ECLI:NL:RVS:2022:1585
Raad van State
- Hoger beroep
- Rechtspraak.nl
Hoger beroep tegen afwijzing machtiging tot voorlopig verblijf door staatssecretaris van Justitie en Veiligheid
In deze zaak gaat het om een hoger beroep van de staatssecretaris van Justitie en Veiligheid tegen een uitspraak van de rechtbank Den Haag, zittingsplaats Zwolle, van 11 mei 2021. De rechtbank had in die uitspraak het beroep van de vreemdeling gegrond verklaard en het besluit van de staatssecretaris van 23 juli 2020, waarin het bezwaar van de vreemdeling ongegrond werd verklaard, vernietigd. De rechtbank bepaalde dat de staatssecretaris een nieuw besluit moest nemen met inachtneming van de uitspraak. De staatssecretaris heeft tegen deze uitspraak hoger beroep ingesteld.
De Afdeling bestuursrechtspraak van de Raad van State heeft op 8 juni 2022 uitspraak gedaan. Het hoger beroep is ongegrond verklaard, wat betekent dat de uitspraak van de rechtbank wordt bevestigd. De Afdeling oordeelt dat het hogerberoepschrift geen vragen bevat die in het belang van de rechtseenheid, de rechtsontwikkeling of de rechtsbescherming in algemene zin beantwoord moeten worden. Dit oordeel is niet verder gemotiveerd, omdat de rechtsvraag die aan de orde is eerder door de Afdeling is beantwoord.

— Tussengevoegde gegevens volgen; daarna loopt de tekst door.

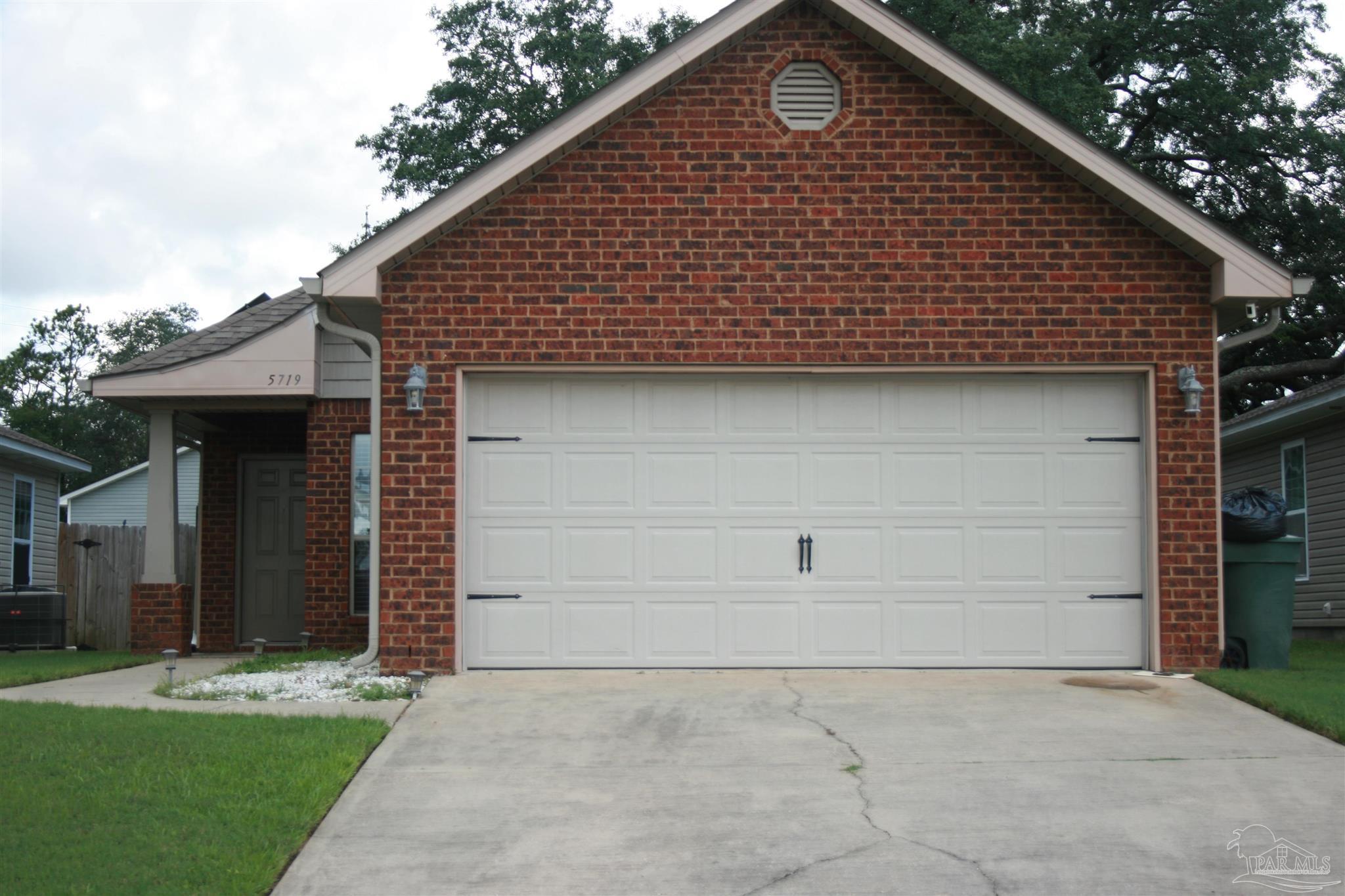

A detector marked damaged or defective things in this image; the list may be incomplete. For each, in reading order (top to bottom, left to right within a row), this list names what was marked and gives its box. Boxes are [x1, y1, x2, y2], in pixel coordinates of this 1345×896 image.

crack in driveway [747, 677, 1000, 891]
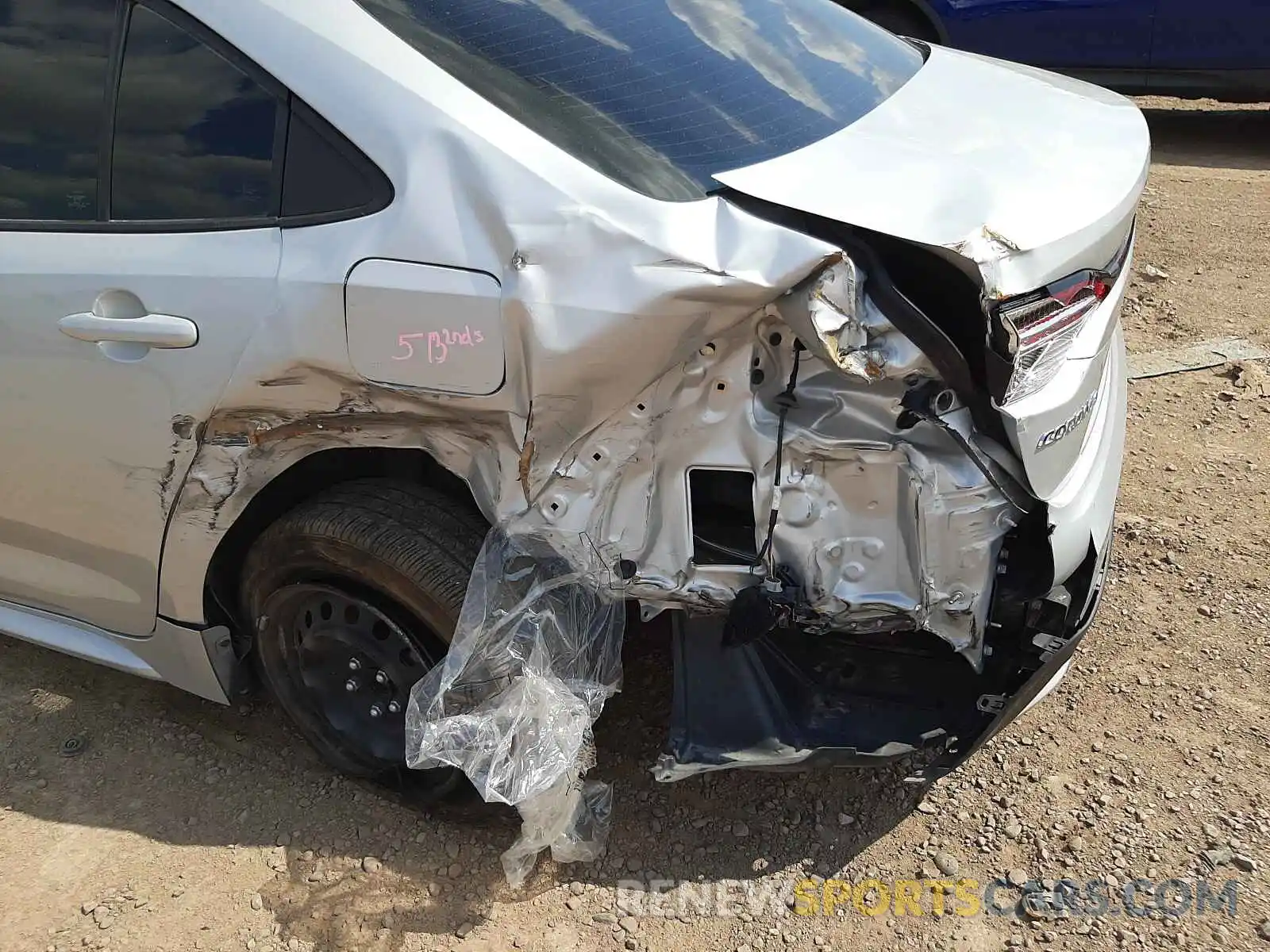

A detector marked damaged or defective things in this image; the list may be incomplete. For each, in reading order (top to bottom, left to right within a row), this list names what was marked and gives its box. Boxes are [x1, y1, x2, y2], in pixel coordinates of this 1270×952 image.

broken tail light [1003, 268, 1111, 405]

De staatssecretaris is veroordeeld tot vergoeding van de proceskosten van de vreemdeling, die in verband met de behandeling van het hoger beroep zijn ontstaan. Het totale bedrag van de proceskosten is vastgesteld op € 759,00, en er wordt een griffierecht van € 541,00 geheven. De uitspraak is gedaan door mr. C.C.W. Lange, lid van de enkelvoudige kamer, in tegenwoordigheid van mr. J. Verbeek, griffier. De uitspraak is openbaar uitgesproken op 8 juni 2022.